I think the "real" James T. Kirk might have allowed himself to be promoted to admiral and given up command of the Enterprise if his only other option was to be retired from Starfleet. It's my understanding of military service -- admittedly limited, and open to correction from anyone who is better informed than I -- that at certain levels of command, it operates on an "up or out" approach. That is, either you move up the ranks, or you get bounced. 

Sure, James Kirk might have loved being a captain, and running the Enterprise, but Starfleet might well have wanted him to do more -- or not stand in the way of others capable of more. 

ClarkKent_DC said:

 

I think the "real" James T. Kirk might have allowed himself to be promoted to admiral and given up command of the Enterprise if his only other option was to be retired from Starfleet.
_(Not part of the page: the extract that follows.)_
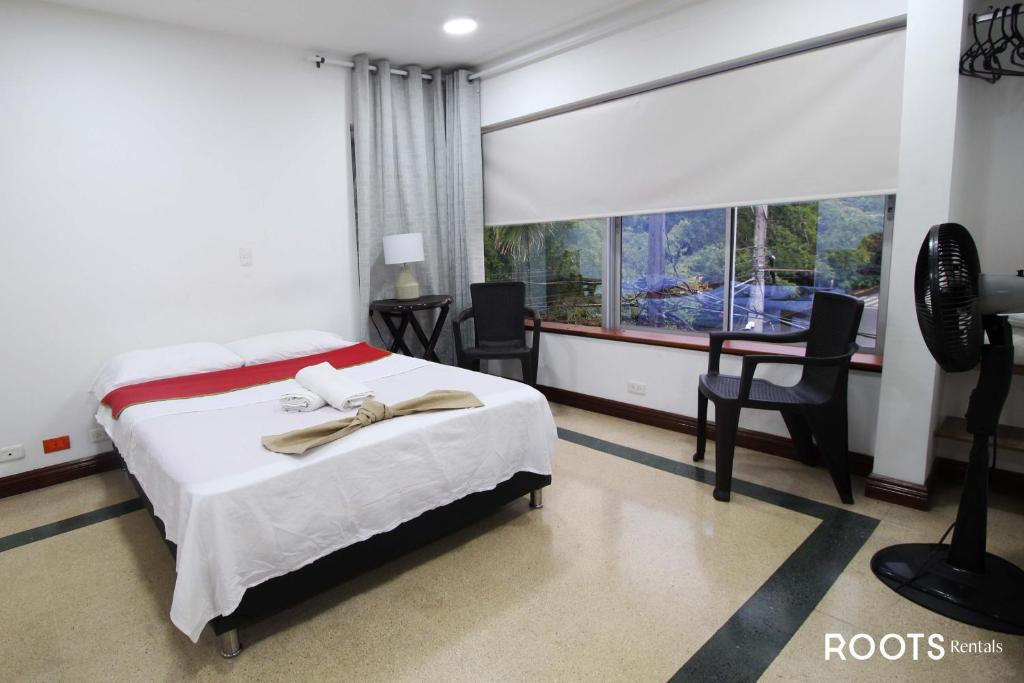 麦德林Apartamento privado en Medellin MAG301的一间卧室配有一张床、一张书桌和一个窗户。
It's my understanding of military service -- admittedly limited, and open to correction from anyone who is better informed than I -- that at certain levels of command, it operates on an "up or out" approach. That is, either you move up the ranks, or you get bounced.

You're essentially correct, CK. Of course, we don't know if Starfleet operated according to the same paradigm, but it really wouldn't matter.

Certainly, Jim Kirk could refuse a promotion to flag rank, but there's nothing he could do about Starfleet transferring him off Enterprise.  No-one in any military service anywhere gets to say "I'm going to stay in this job for as long as I want it."  Even the service chiefs of the U.S. armed forces have to leave after two years (four in special cases, but never more than that).

 

Once ordered off Enterprise, Kirk would have two options---retire or be reassigned.  If he's going to be reassigned off Enterprise anyway, it makes more sense that he would go to his new job as an admiral, vice a captain.  So Kirk likely would not have turned down the promotion to flag rank.

 

 

OMG Henry....I appologize... I had purposefully forgotten that dreadful episode "The Empath".  That has to be the bottom.

Philip Portelli: "Sarek and Amanda reappeared in the animated series, the novels, the movies, the comic books and Next Generation and rightfully so."

Sarek appeared in Next Generation, but Amanda did not. Sarek had a different wife at that time.